In 'golden age' for CDMOs, Thermo Fisher invests $150M in pharma services
- Thermo Fisher Scientific said this week it will invest $150 million in its pharma services business, aiming to boost its capacity for product development and commercial manufacturing.
- The money will expand three sites, two in Italy and one in Greenville, North Carolina, in response to customer requests for aseptic filling lines and isolator technology, the company said Monday. Thermo executives expect construction to complete within two years.
- "These investments will help expand our global sterile manufacturing network and meet the increasing demand from customers that rely on our biologics development and manufacturing expertise," said Michel Lagarde, president of Thermo's pharma services business.
Thermo's business touches a wide swath of the life sciences industry and posted $24 billion in revenue last year.
Its four main units are life sciences solutions, analytical instruments, specialty diagnostics, and laboratory products and services. The pharma services business falls within the laboratory products and services unit, which was the best performing unit last year out of the four by revenue, earning just more than $10 billion.

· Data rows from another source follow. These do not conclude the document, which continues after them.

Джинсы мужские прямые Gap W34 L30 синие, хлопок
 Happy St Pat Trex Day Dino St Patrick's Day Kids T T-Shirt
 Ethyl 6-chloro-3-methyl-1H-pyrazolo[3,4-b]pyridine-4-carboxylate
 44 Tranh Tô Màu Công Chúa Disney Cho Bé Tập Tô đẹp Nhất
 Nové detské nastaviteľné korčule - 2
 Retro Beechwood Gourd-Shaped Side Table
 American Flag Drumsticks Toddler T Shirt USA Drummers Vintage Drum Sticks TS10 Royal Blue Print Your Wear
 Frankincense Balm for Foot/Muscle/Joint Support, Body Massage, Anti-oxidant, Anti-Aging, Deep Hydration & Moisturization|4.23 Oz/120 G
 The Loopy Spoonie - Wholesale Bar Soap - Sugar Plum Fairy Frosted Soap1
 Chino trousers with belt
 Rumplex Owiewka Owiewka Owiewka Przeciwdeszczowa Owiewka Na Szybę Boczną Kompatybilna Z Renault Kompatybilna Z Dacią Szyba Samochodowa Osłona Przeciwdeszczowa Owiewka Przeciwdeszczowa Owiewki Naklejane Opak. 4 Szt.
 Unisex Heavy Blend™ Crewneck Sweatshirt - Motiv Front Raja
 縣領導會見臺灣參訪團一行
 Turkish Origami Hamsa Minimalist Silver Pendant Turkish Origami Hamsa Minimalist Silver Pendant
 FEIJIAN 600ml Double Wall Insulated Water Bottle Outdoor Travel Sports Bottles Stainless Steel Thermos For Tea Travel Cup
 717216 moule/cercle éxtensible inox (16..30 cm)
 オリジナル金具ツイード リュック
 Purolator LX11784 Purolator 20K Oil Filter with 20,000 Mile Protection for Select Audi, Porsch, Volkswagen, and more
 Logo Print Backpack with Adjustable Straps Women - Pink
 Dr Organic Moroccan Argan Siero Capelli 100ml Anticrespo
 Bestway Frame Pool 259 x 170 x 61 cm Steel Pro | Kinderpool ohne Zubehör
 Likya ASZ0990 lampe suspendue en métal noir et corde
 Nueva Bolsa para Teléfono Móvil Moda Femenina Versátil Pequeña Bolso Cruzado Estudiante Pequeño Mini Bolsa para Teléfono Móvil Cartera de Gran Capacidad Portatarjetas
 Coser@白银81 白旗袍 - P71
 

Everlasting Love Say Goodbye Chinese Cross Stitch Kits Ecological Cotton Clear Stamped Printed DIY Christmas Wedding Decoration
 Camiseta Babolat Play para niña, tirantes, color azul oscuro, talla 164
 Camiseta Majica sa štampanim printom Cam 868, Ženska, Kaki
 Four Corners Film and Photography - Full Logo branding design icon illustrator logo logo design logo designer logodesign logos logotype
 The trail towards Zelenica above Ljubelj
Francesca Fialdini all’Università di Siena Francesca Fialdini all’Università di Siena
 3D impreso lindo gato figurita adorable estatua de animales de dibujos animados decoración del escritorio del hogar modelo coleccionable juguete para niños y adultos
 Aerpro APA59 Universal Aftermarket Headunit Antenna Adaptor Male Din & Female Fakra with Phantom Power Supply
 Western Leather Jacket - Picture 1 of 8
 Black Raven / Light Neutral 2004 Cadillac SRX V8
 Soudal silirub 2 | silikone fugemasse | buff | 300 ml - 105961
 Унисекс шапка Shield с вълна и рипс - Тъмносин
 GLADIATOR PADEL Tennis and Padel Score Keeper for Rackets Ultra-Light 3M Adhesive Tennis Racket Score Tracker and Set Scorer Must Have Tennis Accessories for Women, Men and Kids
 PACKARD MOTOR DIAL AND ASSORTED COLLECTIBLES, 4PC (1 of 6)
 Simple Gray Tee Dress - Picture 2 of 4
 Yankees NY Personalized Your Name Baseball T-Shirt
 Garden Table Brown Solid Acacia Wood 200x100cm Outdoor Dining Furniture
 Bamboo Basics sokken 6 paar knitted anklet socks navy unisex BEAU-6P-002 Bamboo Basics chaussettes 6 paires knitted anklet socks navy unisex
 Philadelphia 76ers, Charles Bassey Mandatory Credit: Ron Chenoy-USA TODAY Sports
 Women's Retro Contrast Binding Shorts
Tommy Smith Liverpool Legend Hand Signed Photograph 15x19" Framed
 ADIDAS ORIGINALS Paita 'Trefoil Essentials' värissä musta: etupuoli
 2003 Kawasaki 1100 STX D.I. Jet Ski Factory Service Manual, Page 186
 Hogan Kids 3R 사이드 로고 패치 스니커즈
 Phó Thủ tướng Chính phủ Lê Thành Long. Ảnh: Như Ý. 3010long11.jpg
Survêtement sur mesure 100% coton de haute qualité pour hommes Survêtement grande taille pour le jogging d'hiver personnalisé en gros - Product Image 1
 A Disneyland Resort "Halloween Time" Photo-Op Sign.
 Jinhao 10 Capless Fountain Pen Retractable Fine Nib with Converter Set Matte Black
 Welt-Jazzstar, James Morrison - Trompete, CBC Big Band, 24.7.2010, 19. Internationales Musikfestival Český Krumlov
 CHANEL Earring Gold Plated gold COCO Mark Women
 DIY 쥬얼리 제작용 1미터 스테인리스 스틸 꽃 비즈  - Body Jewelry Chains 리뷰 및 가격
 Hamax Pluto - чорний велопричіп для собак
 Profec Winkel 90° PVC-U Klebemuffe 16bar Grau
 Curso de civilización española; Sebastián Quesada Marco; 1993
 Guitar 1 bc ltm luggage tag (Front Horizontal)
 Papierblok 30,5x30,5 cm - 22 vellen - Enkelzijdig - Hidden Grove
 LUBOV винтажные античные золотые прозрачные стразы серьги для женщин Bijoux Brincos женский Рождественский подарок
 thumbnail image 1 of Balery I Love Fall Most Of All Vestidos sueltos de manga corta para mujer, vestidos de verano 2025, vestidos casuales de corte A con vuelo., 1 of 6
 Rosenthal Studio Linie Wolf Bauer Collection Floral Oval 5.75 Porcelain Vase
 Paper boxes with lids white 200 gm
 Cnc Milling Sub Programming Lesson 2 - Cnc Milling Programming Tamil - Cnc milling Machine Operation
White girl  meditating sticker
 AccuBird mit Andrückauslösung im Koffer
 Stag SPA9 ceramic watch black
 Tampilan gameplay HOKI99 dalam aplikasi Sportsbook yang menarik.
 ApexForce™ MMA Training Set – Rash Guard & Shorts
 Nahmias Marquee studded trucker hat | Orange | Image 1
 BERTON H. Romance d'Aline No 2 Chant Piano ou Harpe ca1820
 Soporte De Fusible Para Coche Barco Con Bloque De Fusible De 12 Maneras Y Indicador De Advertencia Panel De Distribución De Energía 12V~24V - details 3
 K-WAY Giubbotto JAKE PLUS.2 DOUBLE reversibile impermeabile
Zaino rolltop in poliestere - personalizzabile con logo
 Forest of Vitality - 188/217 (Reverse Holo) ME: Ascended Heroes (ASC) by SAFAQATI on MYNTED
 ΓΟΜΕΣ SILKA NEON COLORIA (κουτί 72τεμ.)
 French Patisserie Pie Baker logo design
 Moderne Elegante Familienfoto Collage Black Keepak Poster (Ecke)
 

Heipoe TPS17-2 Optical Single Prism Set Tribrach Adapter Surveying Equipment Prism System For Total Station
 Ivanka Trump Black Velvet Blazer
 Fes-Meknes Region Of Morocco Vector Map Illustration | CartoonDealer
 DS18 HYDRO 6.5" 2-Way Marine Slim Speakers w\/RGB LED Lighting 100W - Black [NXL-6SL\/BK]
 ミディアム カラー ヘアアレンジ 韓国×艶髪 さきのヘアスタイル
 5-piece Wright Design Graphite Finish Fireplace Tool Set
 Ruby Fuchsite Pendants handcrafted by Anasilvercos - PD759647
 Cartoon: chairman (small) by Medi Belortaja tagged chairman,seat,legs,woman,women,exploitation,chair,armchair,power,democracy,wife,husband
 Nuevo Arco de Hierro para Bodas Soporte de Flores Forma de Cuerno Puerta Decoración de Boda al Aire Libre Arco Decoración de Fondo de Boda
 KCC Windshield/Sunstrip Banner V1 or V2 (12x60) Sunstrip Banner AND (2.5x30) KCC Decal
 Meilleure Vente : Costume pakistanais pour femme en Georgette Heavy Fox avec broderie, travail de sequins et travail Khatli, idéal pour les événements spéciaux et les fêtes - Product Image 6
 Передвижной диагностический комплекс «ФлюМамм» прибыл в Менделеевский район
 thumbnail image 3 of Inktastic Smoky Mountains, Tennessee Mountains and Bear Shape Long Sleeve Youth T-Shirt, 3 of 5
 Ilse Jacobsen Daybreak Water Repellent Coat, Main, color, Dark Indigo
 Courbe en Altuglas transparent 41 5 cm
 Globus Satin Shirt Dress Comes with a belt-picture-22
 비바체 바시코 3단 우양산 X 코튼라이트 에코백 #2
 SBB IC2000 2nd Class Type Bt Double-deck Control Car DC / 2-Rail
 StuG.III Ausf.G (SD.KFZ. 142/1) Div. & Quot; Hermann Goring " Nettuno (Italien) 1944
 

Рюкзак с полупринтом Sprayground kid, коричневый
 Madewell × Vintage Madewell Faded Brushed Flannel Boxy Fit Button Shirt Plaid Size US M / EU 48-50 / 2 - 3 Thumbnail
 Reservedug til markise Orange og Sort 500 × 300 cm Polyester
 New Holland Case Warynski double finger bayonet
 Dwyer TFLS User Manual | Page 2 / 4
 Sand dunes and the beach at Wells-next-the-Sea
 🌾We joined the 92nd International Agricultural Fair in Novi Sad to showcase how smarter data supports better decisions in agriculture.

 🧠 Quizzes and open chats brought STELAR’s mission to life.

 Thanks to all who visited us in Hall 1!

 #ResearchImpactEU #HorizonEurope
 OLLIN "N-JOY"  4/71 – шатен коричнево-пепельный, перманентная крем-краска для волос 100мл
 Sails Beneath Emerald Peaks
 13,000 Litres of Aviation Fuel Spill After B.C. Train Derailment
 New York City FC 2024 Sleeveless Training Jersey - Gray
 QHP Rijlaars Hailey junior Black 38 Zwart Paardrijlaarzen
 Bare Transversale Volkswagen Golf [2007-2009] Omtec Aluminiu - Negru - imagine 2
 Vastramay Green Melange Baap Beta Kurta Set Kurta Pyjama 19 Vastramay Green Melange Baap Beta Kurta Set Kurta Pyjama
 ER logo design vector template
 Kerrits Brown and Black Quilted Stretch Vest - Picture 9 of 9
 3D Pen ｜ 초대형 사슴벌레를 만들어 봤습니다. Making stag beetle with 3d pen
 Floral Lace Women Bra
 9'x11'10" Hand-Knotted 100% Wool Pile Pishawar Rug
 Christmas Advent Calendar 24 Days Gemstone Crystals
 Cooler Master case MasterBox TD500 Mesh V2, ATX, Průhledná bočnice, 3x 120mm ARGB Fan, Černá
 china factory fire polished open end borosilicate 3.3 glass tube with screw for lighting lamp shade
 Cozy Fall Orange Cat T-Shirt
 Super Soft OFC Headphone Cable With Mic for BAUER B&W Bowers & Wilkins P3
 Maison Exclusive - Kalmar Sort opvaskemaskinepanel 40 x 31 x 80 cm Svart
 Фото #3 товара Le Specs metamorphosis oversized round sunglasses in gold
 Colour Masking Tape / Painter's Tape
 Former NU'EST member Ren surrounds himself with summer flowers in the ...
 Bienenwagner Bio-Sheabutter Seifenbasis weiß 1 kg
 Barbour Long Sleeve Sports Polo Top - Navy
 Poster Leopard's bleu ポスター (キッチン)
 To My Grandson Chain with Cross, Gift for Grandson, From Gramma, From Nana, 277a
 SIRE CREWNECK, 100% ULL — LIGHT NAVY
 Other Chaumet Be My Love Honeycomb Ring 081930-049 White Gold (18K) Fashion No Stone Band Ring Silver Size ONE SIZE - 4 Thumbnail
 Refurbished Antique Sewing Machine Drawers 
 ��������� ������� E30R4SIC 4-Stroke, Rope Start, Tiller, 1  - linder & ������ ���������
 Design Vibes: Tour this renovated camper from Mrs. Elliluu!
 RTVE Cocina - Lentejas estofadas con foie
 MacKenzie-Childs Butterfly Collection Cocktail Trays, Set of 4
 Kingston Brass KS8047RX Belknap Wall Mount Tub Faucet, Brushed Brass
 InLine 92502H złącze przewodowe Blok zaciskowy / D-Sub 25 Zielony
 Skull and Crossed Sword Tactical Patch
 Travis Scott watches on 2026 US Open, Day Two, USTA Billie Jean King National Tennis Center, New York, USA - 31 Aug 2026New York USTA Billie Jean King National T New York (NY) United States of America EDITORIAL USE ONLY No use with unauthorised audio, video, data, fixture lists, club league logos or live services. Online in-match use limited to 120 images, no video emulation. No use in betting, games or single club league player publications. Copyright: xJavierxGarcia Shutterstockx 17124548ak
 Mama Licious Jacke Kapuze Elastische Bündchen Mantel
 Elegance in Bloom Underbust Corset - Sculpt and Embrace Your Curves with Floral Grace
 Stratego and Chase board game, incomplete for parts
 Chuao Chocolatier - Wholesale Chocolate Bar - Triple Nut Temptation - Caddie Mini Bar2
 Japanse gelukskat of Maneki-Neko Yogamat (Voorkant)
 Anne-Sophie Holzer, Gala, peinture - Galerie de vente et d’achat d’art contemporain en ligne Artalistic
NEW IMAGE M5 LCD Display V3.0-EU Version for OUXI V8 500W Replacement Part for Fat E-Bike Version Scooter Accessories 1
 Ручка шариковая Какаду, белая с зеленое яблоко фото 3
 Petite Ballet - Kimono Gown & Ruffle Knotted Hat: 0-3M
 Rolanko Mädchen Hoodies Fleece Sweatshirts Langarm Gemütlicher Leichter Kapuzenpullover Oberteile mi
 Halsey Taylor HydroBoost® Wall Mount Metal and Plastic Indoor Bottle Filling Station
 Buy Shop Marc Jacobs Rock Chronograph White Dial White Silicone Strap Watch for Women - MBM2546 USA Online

CEO Marc Casper said on Thermo's last earnings call that its 2017 purchase of contract development and manufacturing organization Patheon for more than $7 billion has gone smoothly, with the unit now integrated into the larger company.
Thermo executives zeroed in on the CDMO space as a particularly lucrative one, and have followed that up with a $100 million investment last year and, now, another $150 million this year.
Speaking at an investor presentation earlier this month, Casper said he sees the pharma and biotech industries as particularly ripe for continued growth.
"When I look at the dynamics in that business, we think it's truly the golden age for the CDMO space," he said
Casper cited two primary factors to support that conclusion. First, more than 75% of all experimental molecules are in smaller biotechs that lack manufacturing capability, he said. Additionally, these biotechs are going later into the development process without selling, leading them to stay with a CDMO for commercial purposes as well.
Secondly, the chief executive said leading pharmas "have manufacturing networks that are mismatched with their demand," causing them to work with CDMOs — including Thermo.
When asked whether internal investments or outside dealmaking were priorities, Casper noted a preference for the former.
"The greatest return within reason is leveraging your existing network by basically filling up the buildings, adding marginal capital to really drive capacity," Casper said.